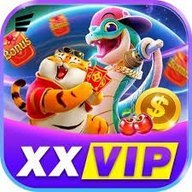 xxvipjssbqco
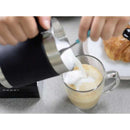 Electric Milk Frother  Electric Milk Frother Electric Milk Frother Beper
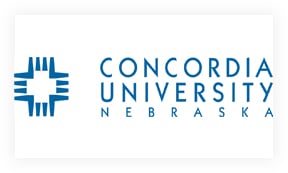 Concordia University, Nebraska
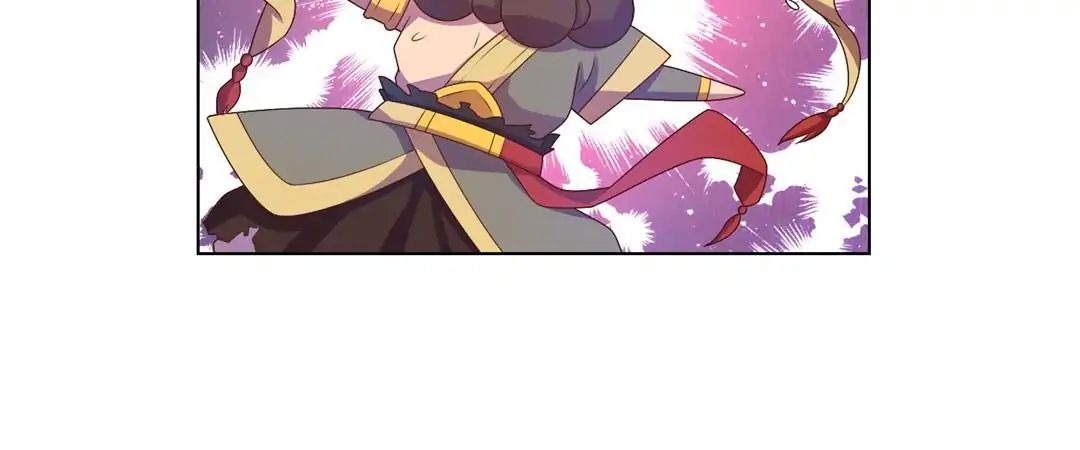 Read Winning Monkey King chapter 4 image 7 on Lezhin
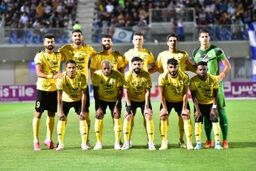 مورایس، حدس 11 بازیکن اصلی‌اش را سخت کرد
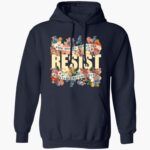 when-injustice-becomes-law-resistance-becomes-duty-print-shirt-1_itlcra.jpg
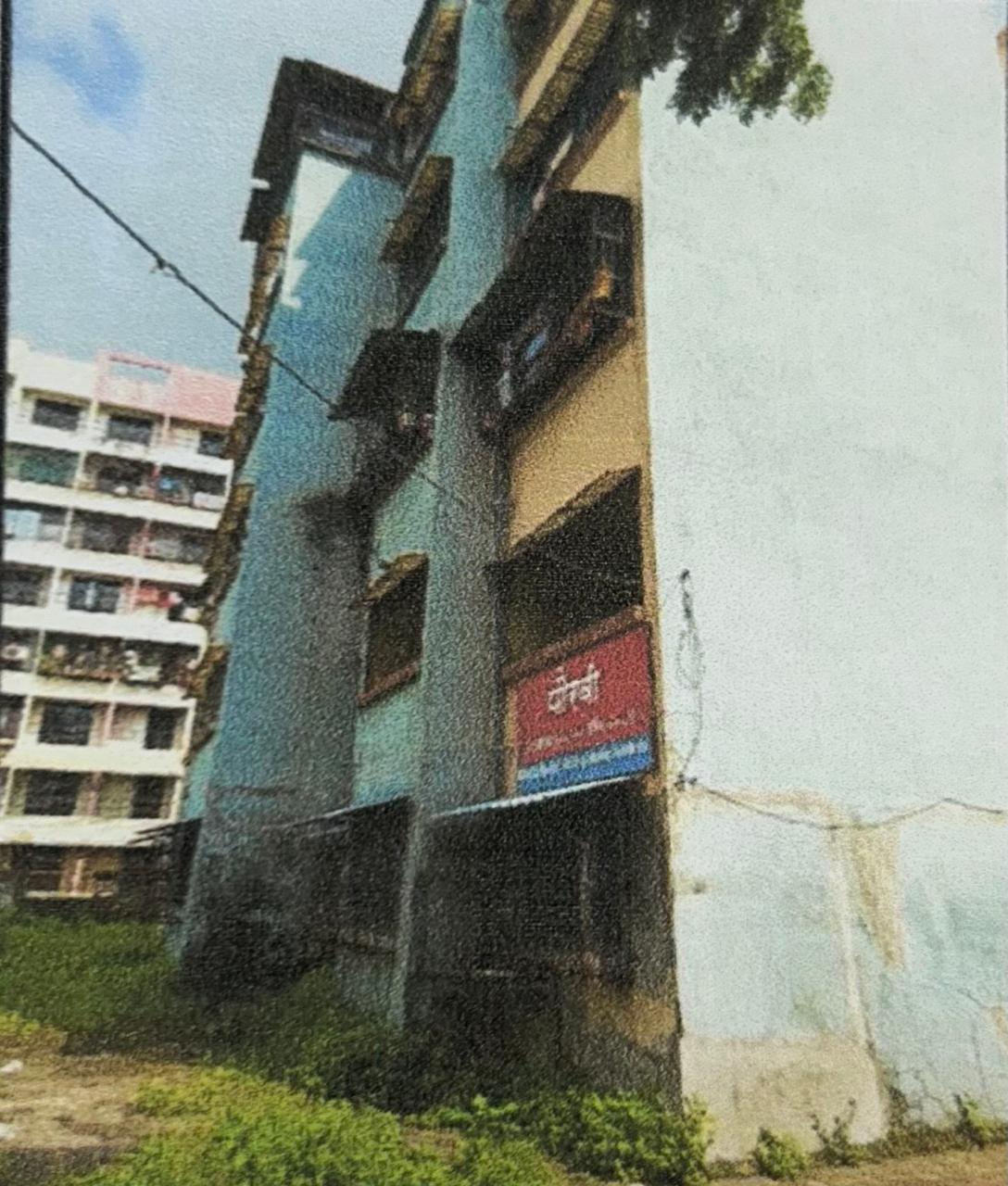 Flat for sale in Badlapur East Badlapur — photo 3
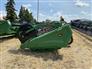 John Deere 2023 HD50F Headers - Other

=======

_What the task asks:_
For this exercise, write the listing out again exactly, excluding all images.

_Response to the task:_
 xxvipjssbqco
 Electric Milk Frother  Electric Milk Frother Electric Milk Frother Beper
 Concordia University, Nebraska
 Read Winning Monkey King chapter 4 image 7 on Lezhin
 مورایس، حدس 11 بازیکن اصلی‌اش را سخت کرد
 when-injustice-becomes-law-resistance-becomes-duty-print-shirt-1_itlcra.jpg
 Flat for sale in Badlapur East Badlapur — photo 3
 John Deere 2023 HD50F Headers - Other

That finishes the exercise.